Today we celebrate the 32nd Anniversary of the Americans with Disabilities Act, the landmark legislation that prohibits discrimination against people with disabilities in employment, transportation, public accommodations, communications, and access to state and local government' programs and services, and more. This law was passed thanks to the incredible and tireless efforts of the disability rights movement and activists who shared their stories and challenged injustice.
To mark this anniversary, the Religious Action Center and the Interfaith Disability Advocacy Coalition (IDAC) present a video celebration and call to action. The individuals on this video, representing many faith traditions, speak to why their faith calls them to care, what the ADA means to them, and what can still be improved. It features notable faith leaders including Rabbi Jonah Pesner of the Religious Action Center of Reform Judaism, Presiding Bishop Michael Curry of The Episcopal Church, and Imam Saffet Catovic of the Islamic Society of North America, as well as Aaron Kaufman of the Jewish Federations of North America, Jesus Orozco of United Methodist Church, Eileen Schofield of L'Arche, and Cheryl Wicks of Mosaic.
In his reflection on the 32nd anniversary, Rabbi Jonah Pesner says, "Jewish tradition teaches us of our obligation to ensure equal access for all people and to help facilitate the full participation of individuals with disabilities in public life. In Leviticus 19:14 we are commanded, "You shall not insult the deaf, or place a stumbling block before the blind." Stumbling blocks come in many forms: unequal access or subpar educational and employment opportunities, economic insecurity, lack of accessible housing and transportation, stigma and discrimination, and lack of access to healthcare. Further, in Pirkei Avot 2:5, we are taught 'Do not separate yourself from the community.' Due to systemic barriers, many people living with disabilities are consistently excluded from the community."
The ADA was an important step towards removing these barriers and allowing access to the community, but there is much left to be done. We look to our elected officials to enact further legislation that will break down these barriers and promote full access and inclusion.
Due to out-of-date benefits and caps on earned income and assets, SSI, the federal program that provides a minimum level of income to impoverished people with severe disabilities and older adults, is trapping people in poverty -- providing financial assistance that is now 26% below the federal poverty level. The SSI program needs to be updated, and the SSI Restoration Act will lift more than 3 million vulnerable Americans out of poverty by increasing SSI benefits to match the federal poverty level and modernizing caps on earned income and assets that have not been updated since the 1980s.
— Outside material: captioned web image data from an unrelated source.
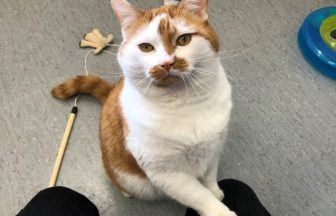 Cat who lost 6kg after being ‘trapped in his own body’ on the hunt for ‘loving home’ in Aberdeenshire
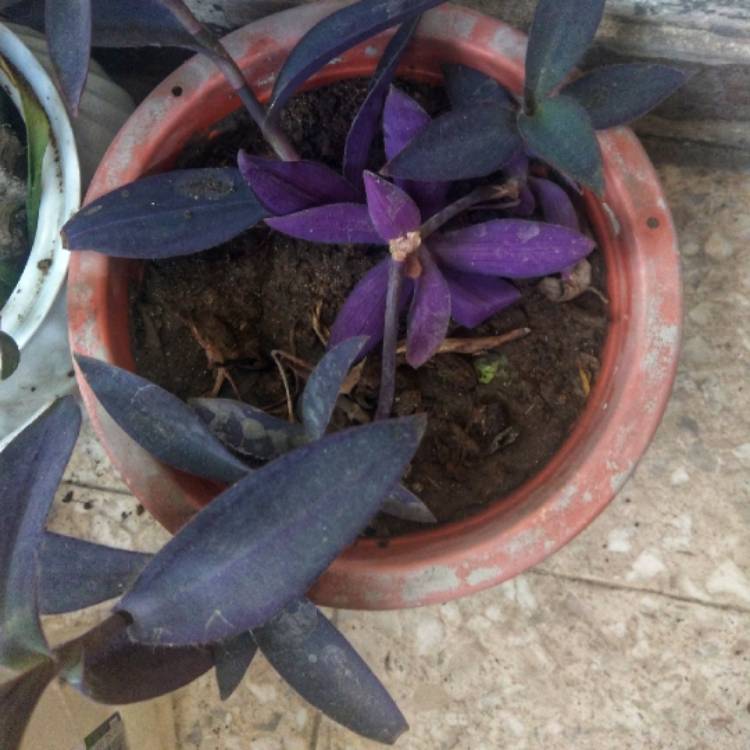 plant image 736930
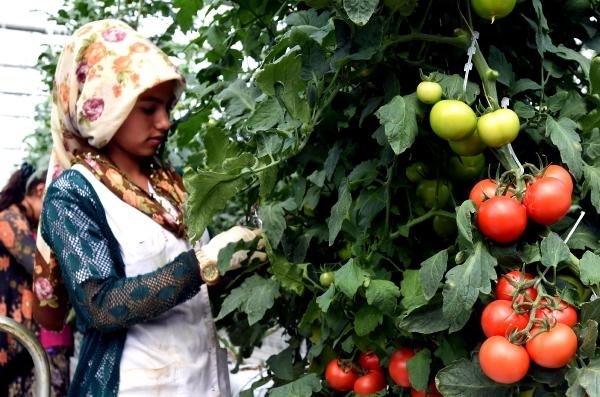 Jeotermal domatese gel 3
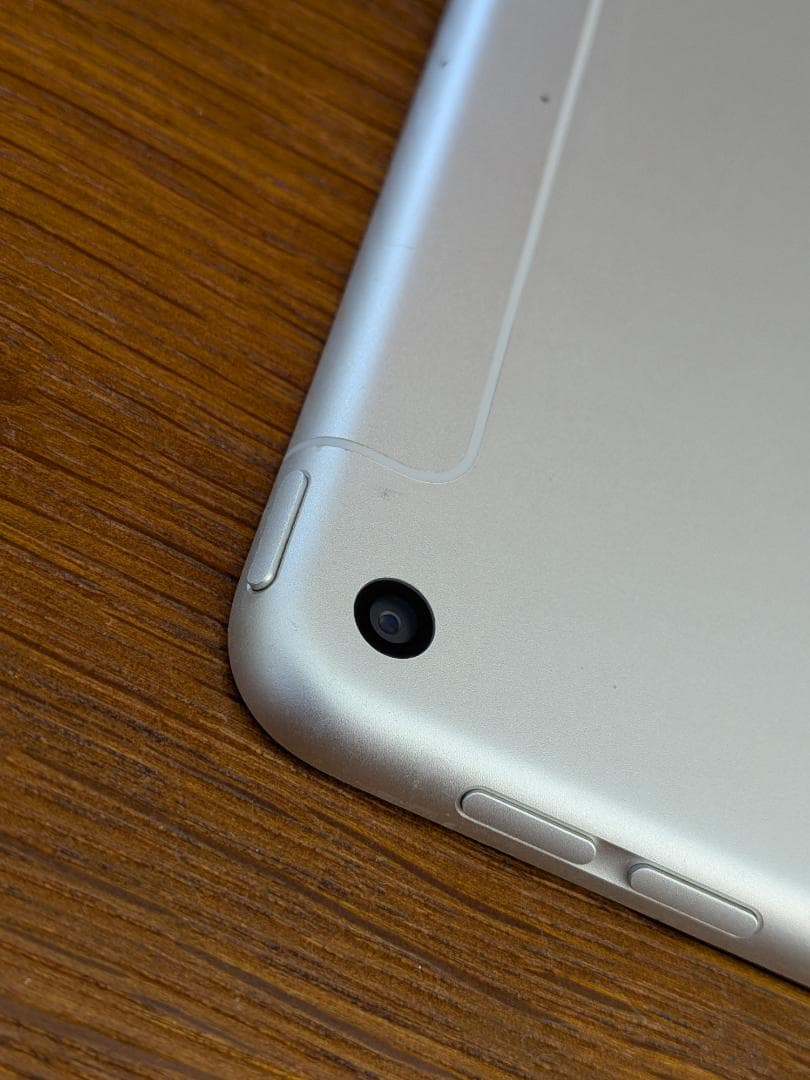 iPad mini 第5世代 Wi-Fi+Cellular 256GB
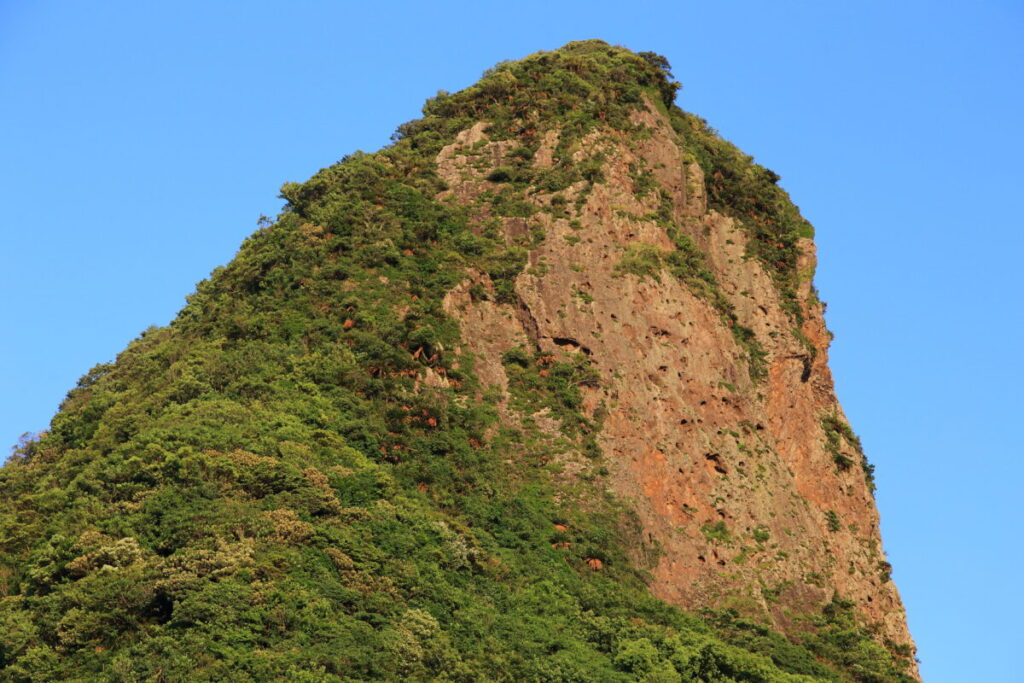 トカラ馬 開聞山麓自然公園 スヌーピー山 竹山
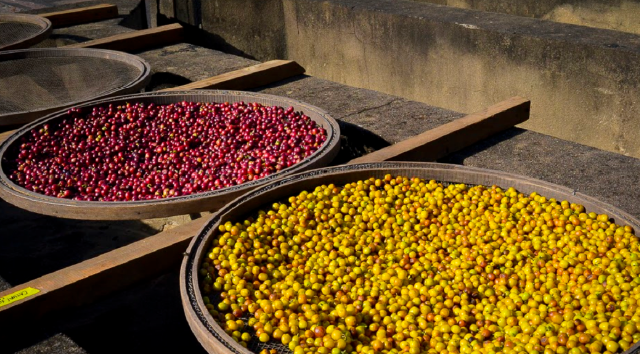 巴西黄波旁与红波旁咖啡豆品种风味特点区别 波旁咖啡品牌推荐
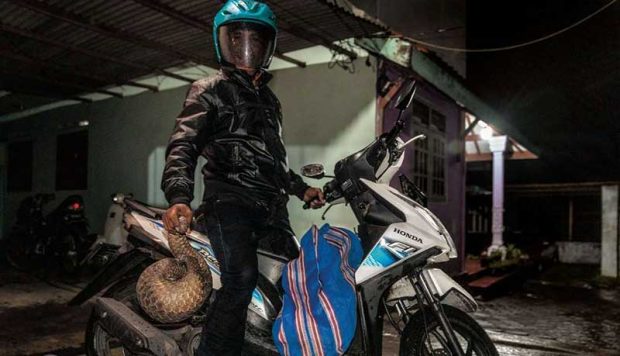 بهترین عکس های سال 2019 نشنال جئوگرافیک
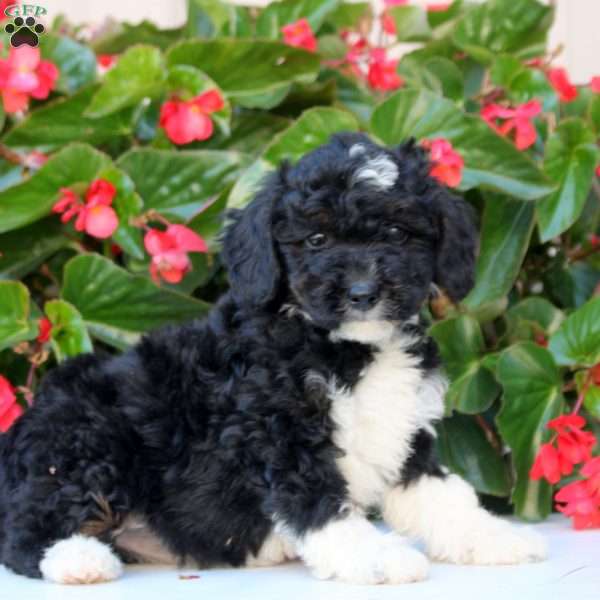 Khloe, Mini Bernedoodle Puppy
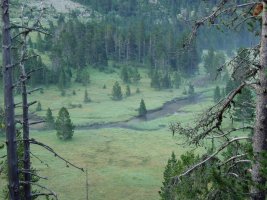 Pletiu dera Montanheta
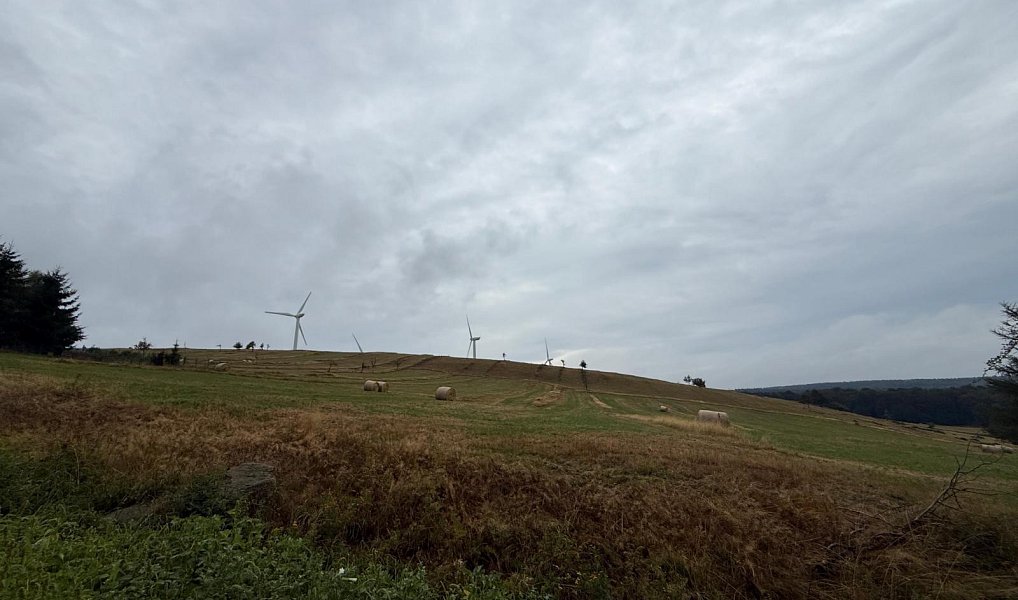 Prodej stavebního pozemku 3 241 m², Nová Ves v Horách – náhled fotky 2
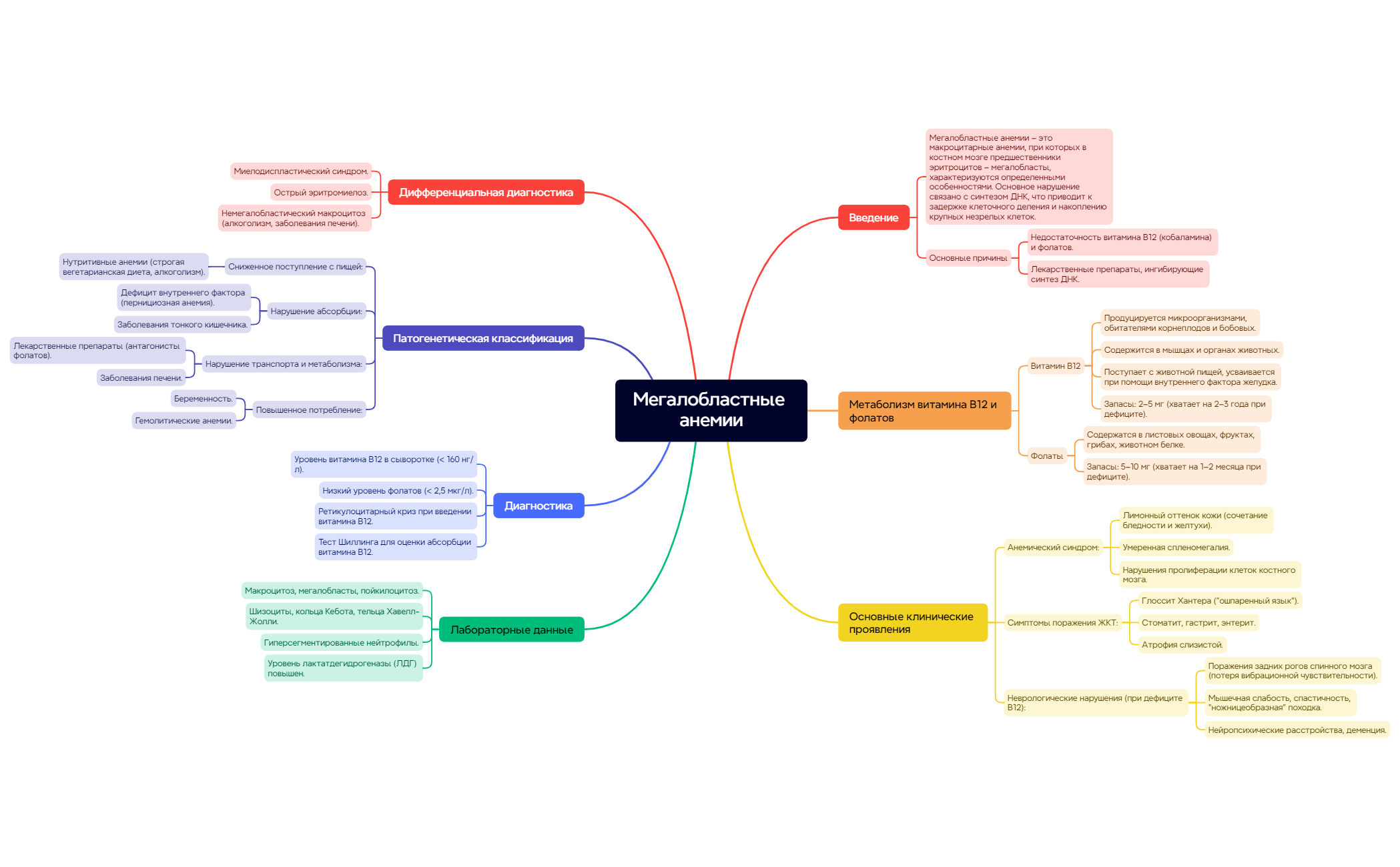 Мегалобластные анемии preview 1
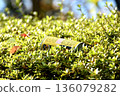Empty cans littered in the flowerbed 136079282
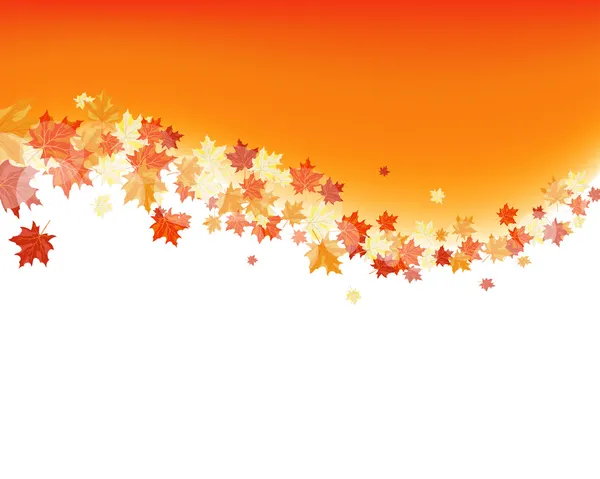 Épinards d'automne — Image vectorielle
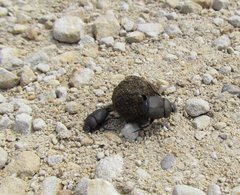 Canthon pilularius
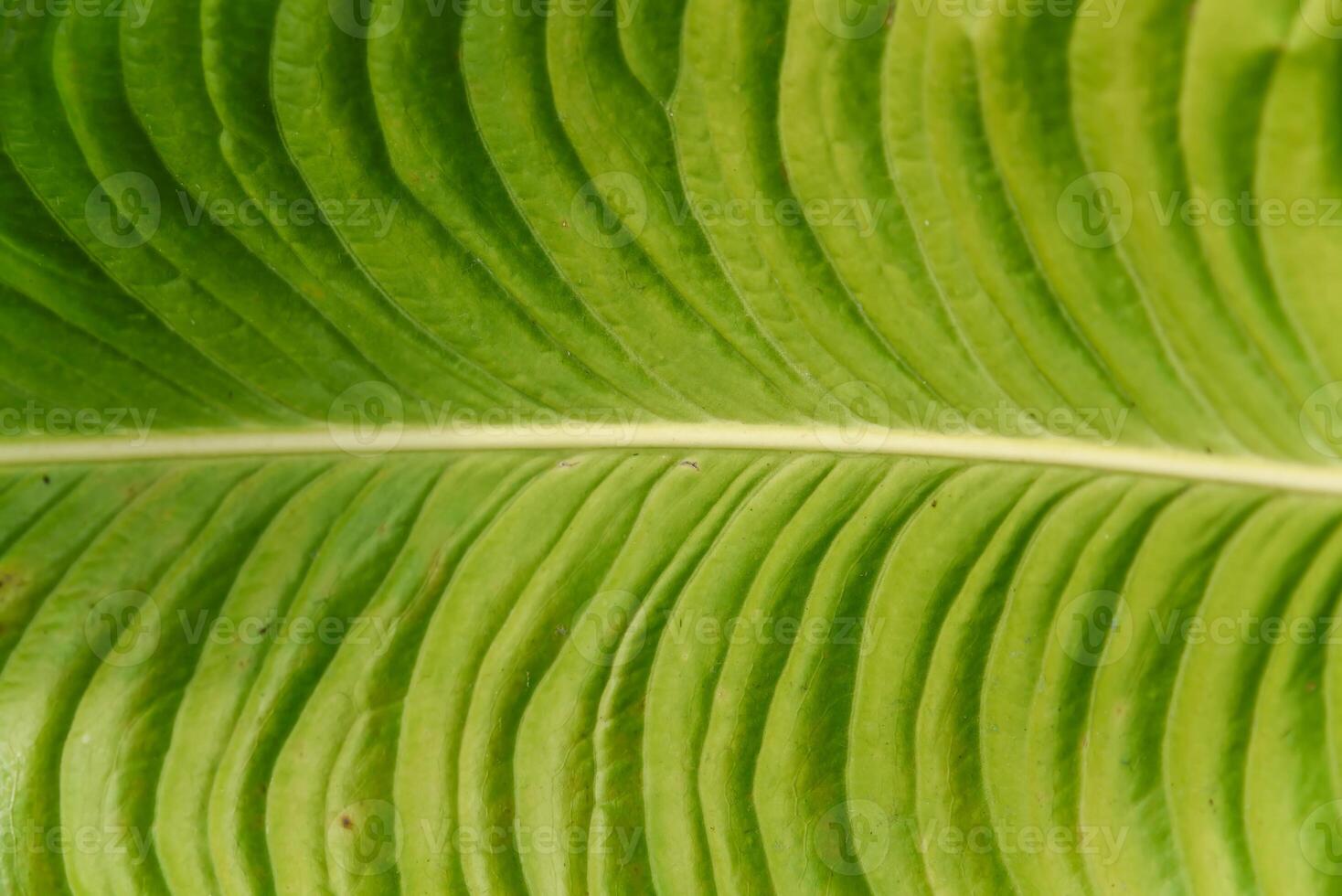 Closeup of a green tropical leaf with natural texture and veins, ideal as a horizontal background or template for eco-themed greeting cards and designs. photo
Urge your Members of Congress to co-sponsor and pass the SSI Restoration Act now!
Passed in 2014, the Achieving a Better Life Experience (ABLE) Act allowed people with disabilities up to age 26 and their families to establish tax-advantaged savings and investment plans called ABLE Accounts. Although the ABLE Act continues to provide an important measure of financial security to people with disabilities, the law should be adjusted to allow anyone who acquires a disability after they turn 26 to create an ABLE account. Urge your members of Congress to cosponsor the ABLE Age Adjustment Act to help millions of additional people with disabilities save for the future.